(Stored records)
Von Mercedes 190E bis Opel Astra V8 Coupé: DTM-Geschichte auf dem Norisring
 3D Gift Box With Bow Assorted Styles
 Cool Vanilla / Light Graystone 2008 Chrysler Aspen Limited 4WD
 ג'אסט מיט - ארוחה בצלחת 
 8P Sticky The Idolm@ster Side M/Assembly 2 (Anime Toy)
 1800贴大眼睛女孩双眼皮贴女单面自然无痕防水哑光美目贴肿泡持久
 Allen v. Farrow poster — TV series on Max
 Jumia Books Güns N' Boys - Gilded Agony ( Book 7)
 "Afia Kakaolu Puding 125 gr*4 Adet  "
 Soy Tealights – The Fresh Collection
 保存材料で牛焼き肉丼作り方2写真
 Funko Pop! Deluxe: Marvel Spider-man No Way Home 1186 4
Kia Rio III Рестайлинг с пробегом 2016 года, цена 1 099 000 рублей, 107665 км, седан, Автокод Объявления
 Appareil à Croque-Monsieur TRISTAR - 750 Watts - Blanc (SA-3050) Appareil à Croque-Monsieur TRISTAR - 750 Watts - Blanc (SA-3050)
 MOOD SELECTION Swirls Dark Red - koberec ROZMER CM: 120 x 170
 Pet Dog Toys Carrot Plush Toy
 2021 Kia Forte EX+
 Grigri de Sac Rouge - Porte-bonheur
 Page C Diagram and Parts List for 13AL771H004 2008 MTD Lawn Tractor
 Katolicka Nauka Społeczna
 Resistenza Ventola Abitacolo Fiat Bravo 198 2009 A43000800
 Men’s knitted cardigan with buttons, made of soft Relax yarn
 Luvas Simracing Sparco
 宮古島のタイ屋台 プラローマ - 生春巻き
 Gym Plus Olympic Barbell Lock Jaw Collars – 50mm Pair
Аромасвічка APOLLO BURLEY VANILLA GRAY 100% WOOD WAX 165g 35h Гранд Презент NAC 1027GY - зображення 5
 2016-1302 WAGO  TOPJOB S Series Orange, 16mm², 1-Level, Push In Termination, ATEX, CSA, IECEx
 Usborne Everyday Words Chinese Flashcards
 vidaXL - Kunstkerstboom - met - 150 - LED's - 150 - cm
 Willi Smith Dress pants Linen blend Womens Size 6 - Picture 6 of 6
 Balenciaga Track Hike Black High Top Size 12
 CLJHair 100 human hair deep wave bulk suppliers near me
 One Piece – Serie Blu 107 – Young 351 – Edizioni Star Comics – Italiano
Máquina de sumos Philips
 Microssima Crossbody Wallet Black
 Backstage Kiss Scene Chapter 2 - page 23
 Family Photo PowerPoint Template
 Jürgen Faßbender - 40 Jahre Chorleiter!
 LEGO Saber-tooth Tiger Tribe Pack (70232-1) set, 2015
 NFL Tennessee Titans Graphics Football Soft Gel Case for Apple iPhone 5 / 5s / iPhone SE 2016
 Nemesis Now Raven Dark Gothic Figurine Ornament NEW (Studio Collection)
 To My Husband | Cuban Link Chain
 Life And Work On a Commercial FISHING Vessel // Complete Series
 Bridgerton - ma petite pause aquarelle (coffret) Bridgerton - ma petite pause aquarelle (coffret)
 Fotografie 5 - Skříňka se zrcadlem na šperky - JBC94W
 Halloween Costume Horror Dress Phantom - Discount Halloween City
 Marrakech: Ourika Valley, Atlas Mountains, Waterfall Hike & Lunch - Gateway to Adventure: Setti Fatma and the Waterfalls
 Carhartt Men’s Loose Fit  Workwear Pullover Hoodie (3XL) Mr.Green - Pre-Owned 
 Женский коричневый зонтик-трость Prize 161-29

* EXERCISE DIRECTIONS
Filter the preceding entries down to the lines with "Size".

* RESPONSE TO THIS EXERCISE
 Willi Smith Dress pants Linen blend Womens Size 6 - Picture 6 of 6
 Balenciaga Track Hike Black High Top Size 12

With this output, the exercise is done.